INFORMATION PROVIDED below:
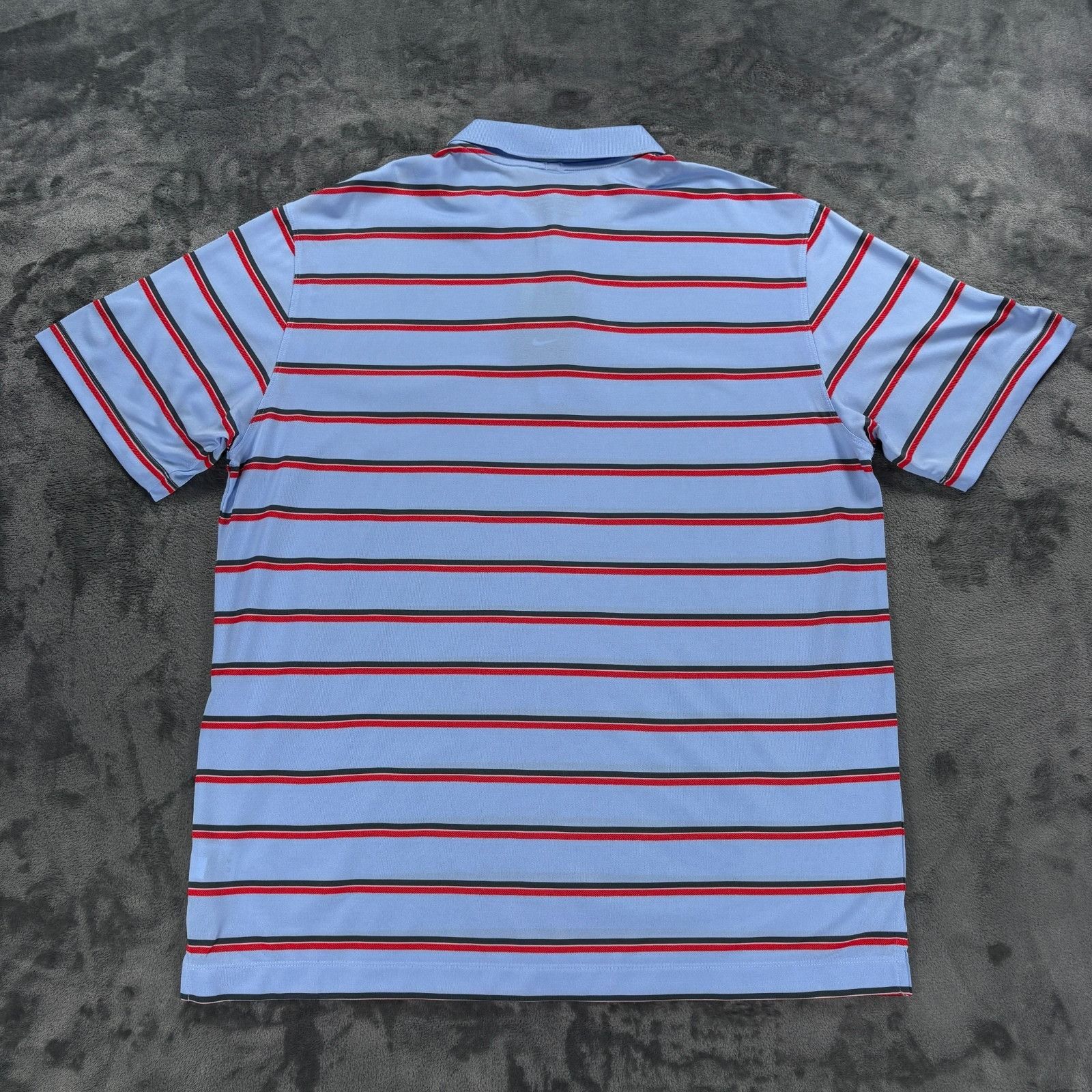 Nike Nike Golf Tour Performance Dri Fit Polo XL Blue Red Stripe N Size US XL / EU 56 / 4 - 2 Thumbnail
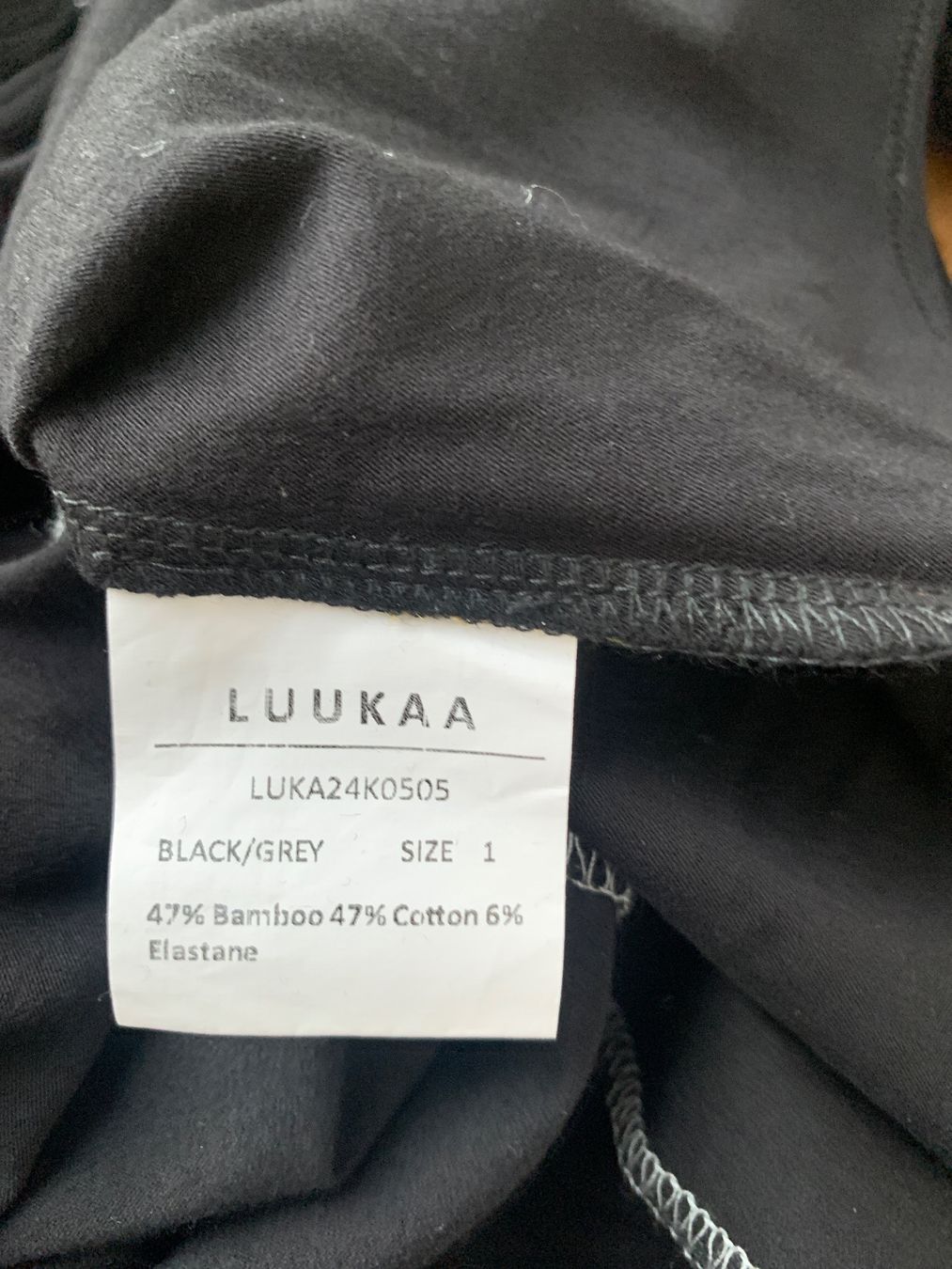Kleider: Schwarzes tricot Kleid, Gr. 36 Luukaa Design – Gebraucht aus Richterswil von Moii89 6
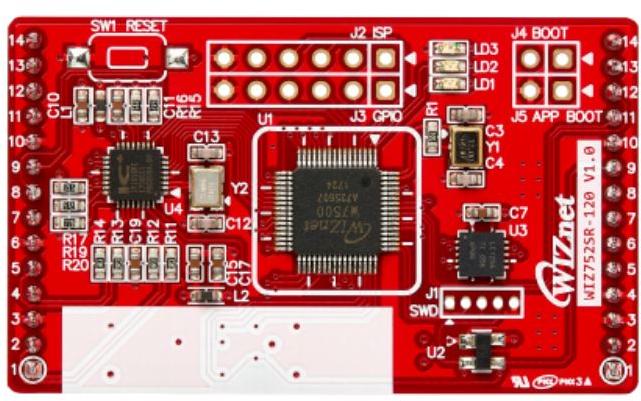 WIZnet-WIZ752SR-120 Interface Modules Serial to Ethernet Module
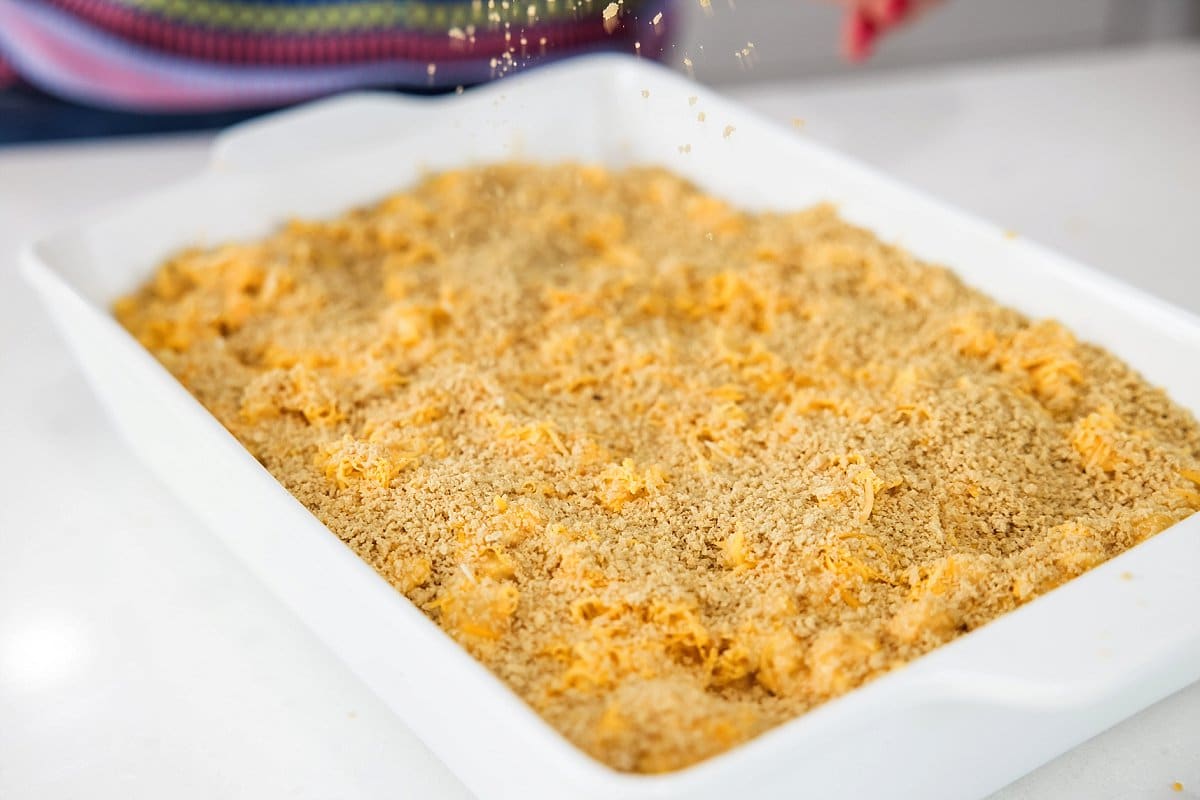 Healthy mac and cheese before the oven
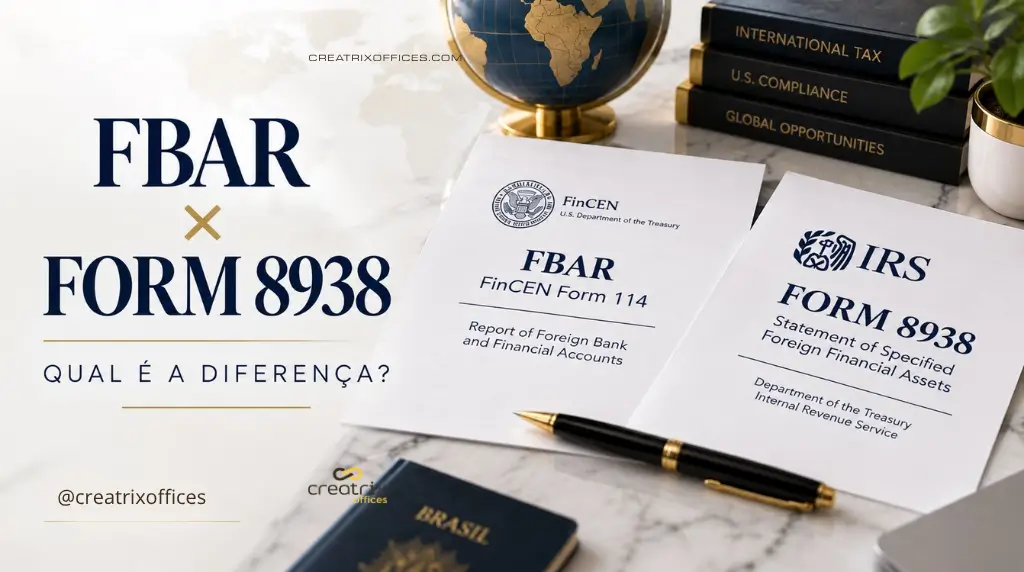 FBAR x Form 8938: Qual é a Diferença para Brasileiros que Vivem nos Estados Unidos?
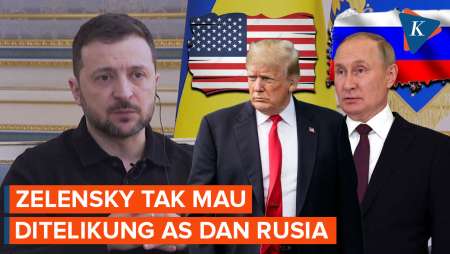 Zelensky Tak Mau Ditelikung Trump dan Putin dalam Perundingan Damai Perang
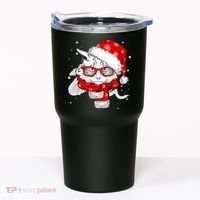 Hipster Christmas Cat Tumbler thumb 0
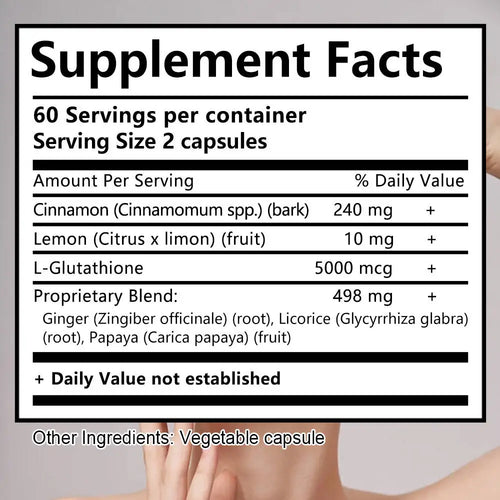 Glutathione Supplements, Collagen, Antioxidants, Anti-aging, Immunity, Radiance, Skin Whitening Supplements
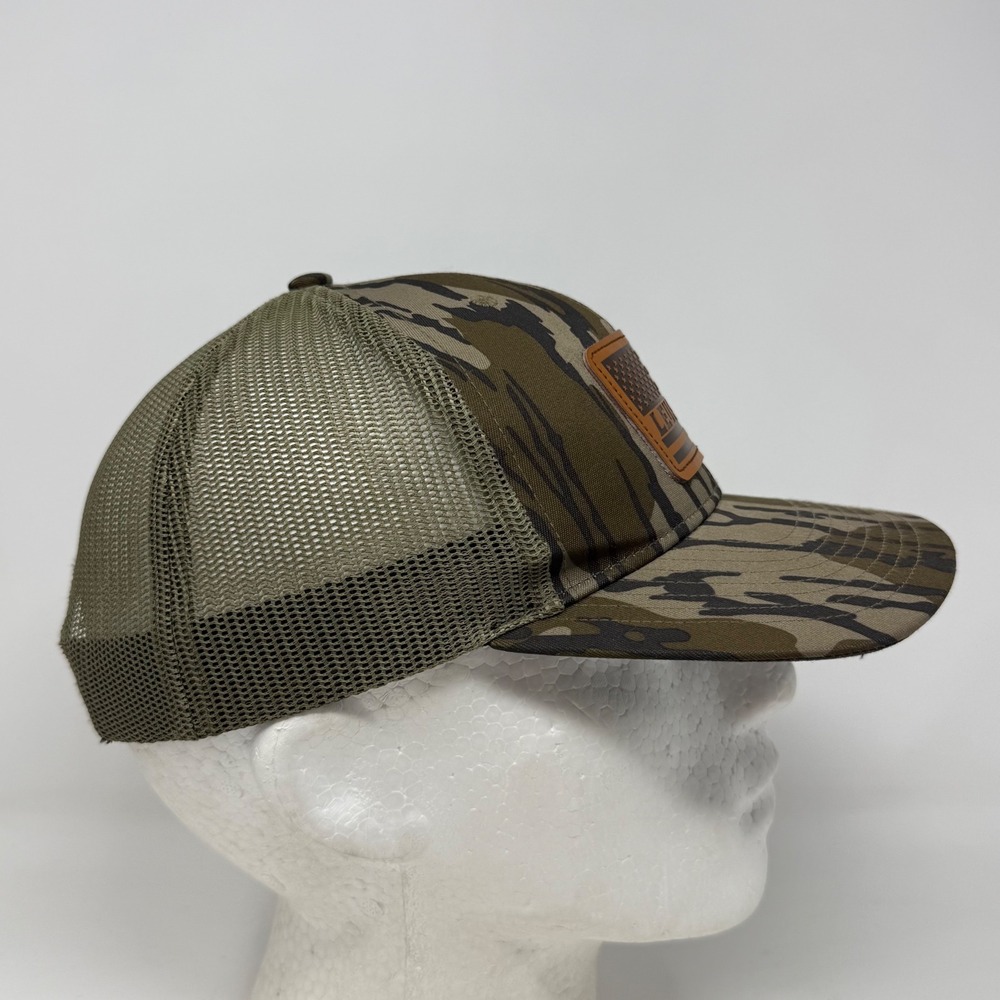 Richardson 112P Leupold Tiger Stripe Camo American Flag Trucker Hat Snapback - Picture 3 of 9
End of INFORMATION PROVIDED.
- **ASSIGNMENT**:
What is needed is a word-for-word repeat of every line from the line with "Skin Whitening Supplements" to the end of the entries above; leave out the pictures.

- **RESULT OF THIS TASK**:
 Glutathione Supplements, Collagen, Antioxidants, Anti-aging, Immunity, Radiance, Skin Whitening Supplements
 Richardson 112P Leupold Tiger Stripe Camo American Flag Trucker Hat Snapback - Picture 3 of 9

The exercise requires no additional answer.